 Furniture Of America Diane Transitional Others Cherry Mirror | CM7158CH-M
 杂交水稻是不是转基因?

...

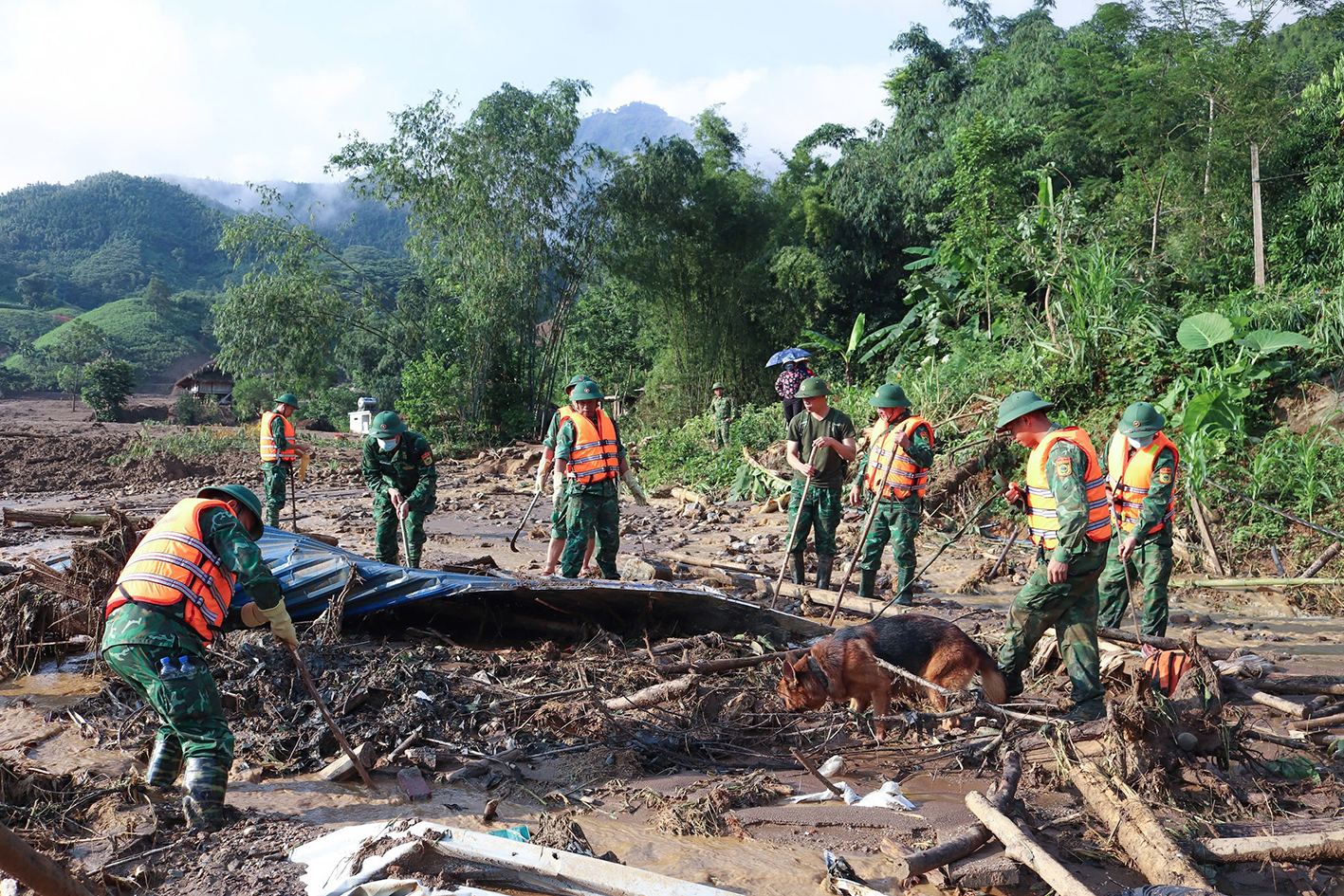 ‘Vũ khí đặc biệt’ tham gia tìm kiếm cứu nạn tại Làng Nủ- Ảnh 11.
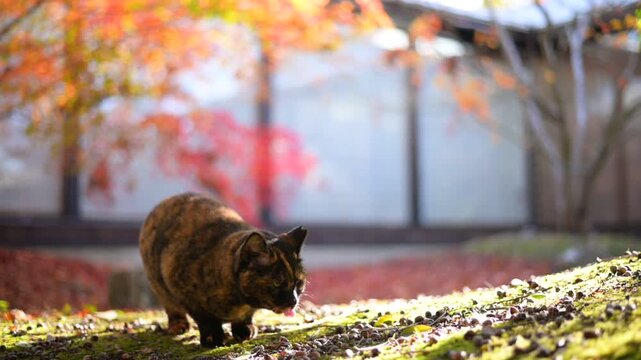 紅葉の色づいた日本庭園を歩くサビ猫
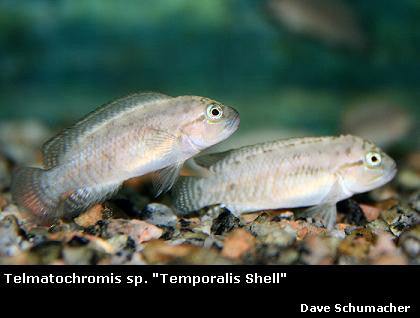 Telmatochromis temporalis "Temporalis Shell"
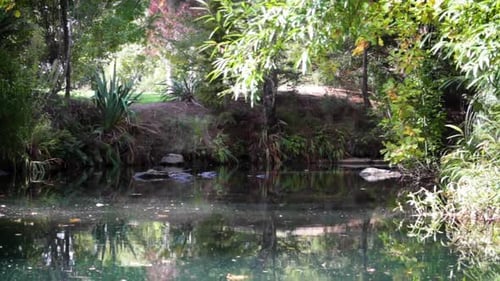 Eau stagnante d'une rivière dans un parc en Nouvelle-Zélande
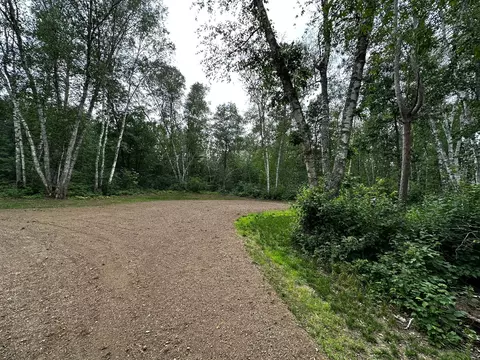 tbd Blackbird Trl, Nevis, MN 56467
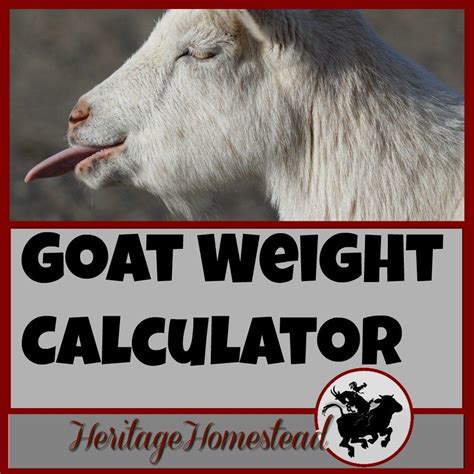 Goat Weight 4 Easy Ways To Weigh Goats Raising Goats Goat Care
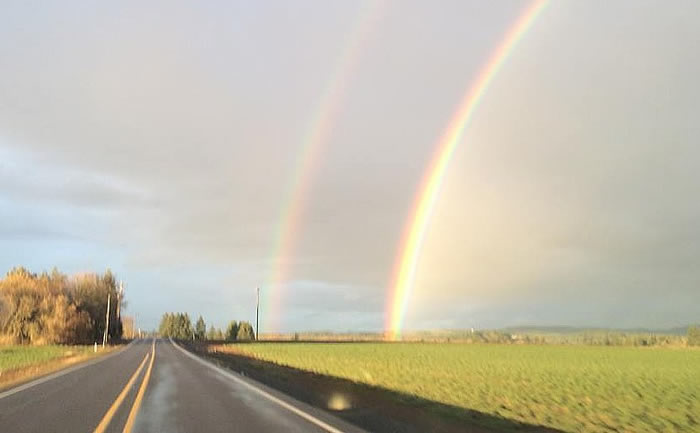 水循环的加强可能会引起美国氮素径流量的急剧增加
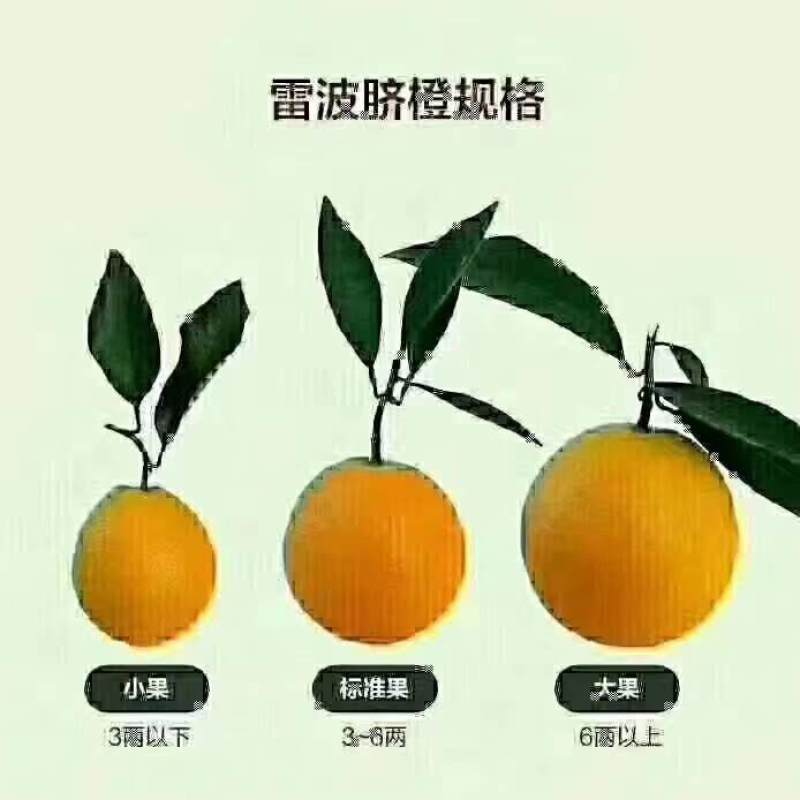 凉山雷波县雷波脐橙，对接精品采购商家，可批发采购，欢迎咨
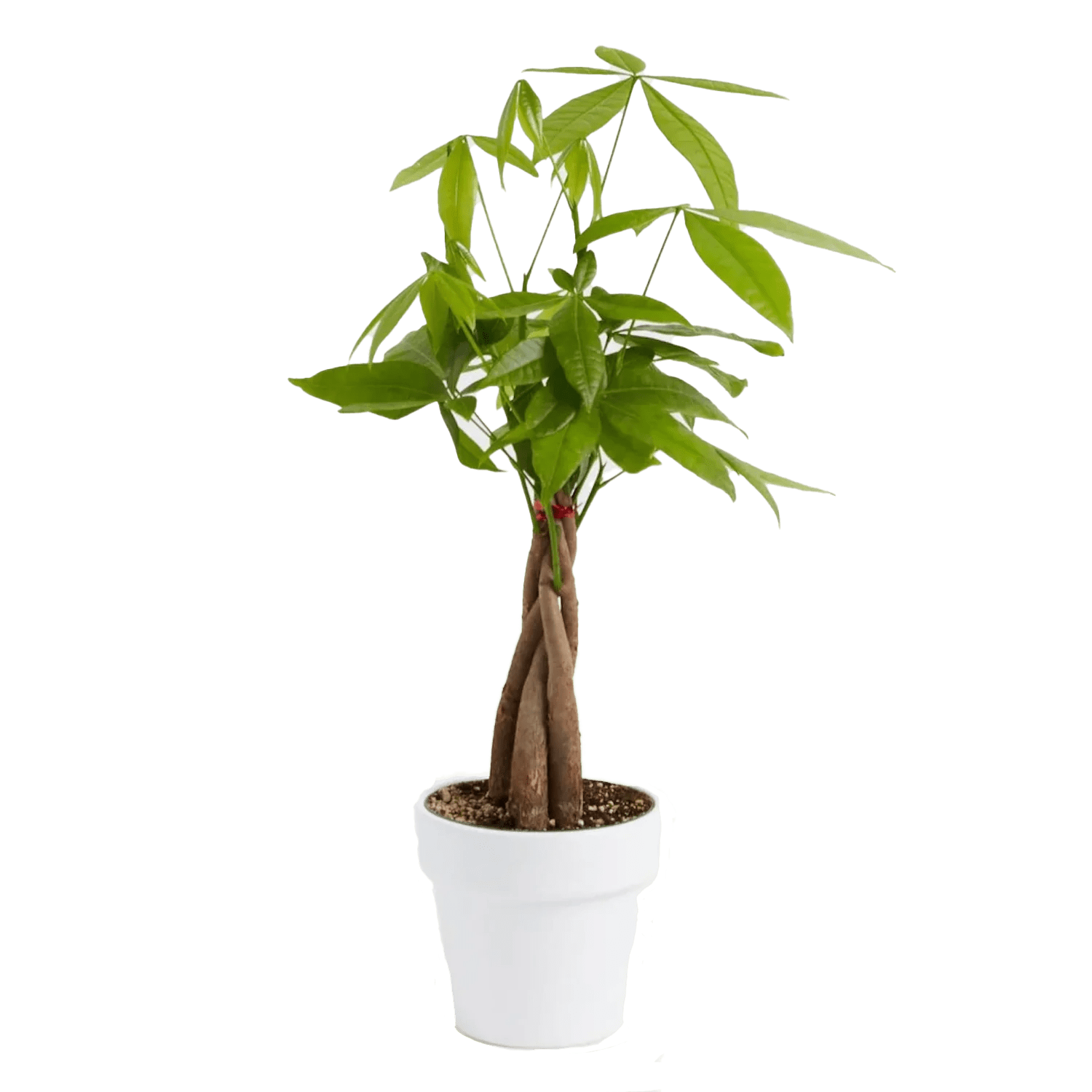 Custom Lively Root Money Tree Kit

...

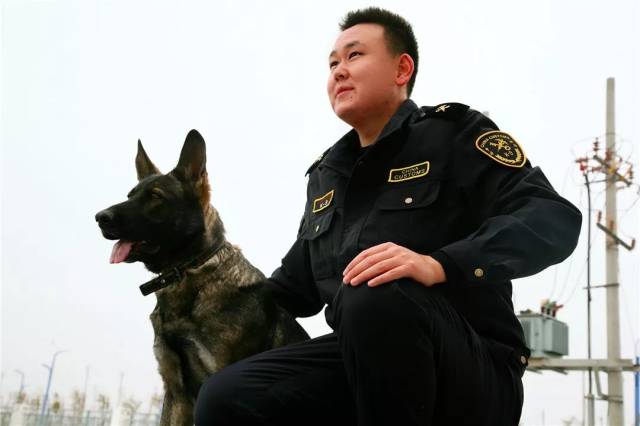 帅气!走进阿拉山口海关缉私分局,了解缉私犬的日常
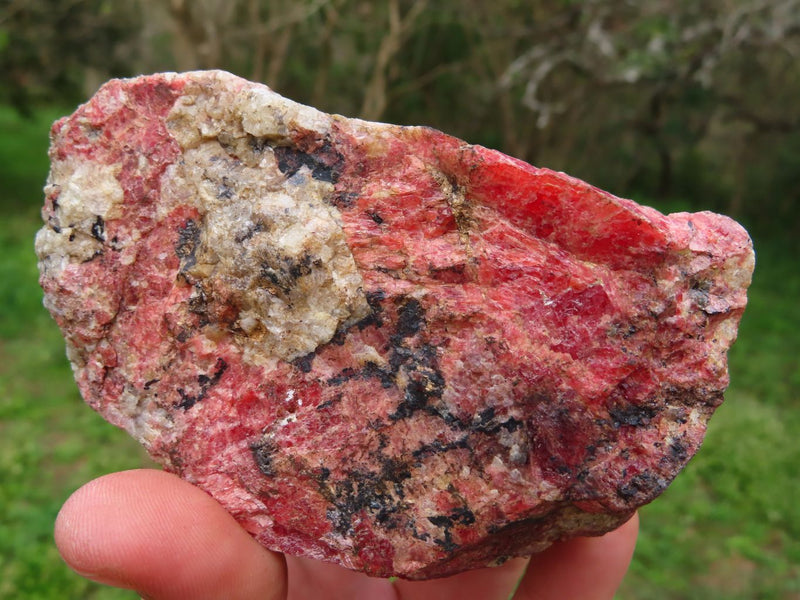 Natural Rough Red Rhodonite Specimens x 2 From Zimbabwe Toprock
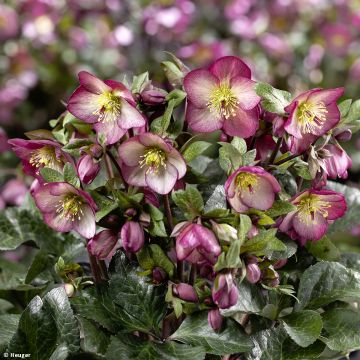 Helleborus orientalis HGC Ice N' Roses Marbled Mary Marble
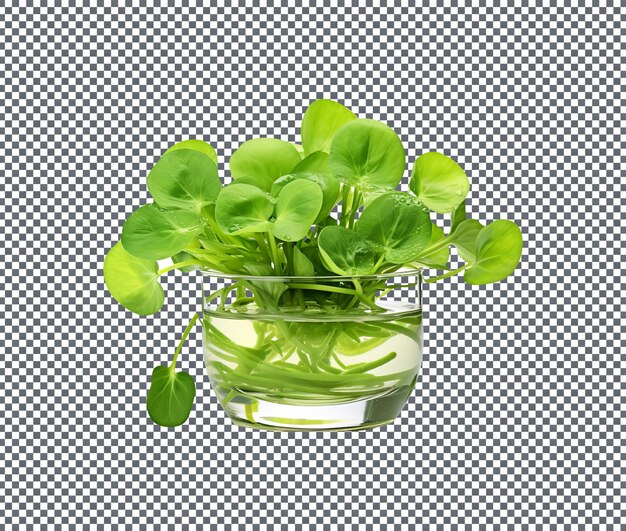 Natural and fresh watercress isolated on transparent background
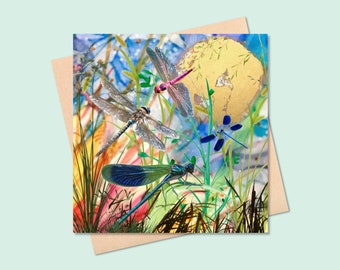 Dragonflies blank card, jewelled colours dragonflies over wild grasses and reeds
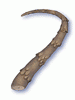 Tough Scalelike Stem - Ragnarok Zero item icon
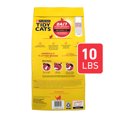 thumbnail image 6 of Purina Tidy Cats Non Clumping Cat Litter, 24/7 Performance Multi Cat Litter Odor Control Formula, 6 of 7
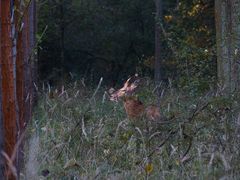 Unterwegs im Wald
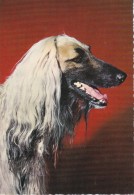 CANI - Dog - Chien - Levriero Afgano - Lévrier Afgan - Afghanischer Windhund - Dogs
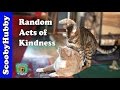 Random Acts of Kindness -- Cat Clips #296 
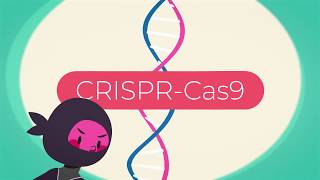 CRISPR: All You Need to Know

§ Work item:
What you return must be an exact retyping of the lines above starting at the line with "Furniture Of America" and ending at the line with "杂交水稻是不是转基因?", and nothing besides.

§ Your solution:
 Furniture Of America Diane Transitional Others Cherry Mirror | CM7158CH-M
 杂交水稻是不是转基因?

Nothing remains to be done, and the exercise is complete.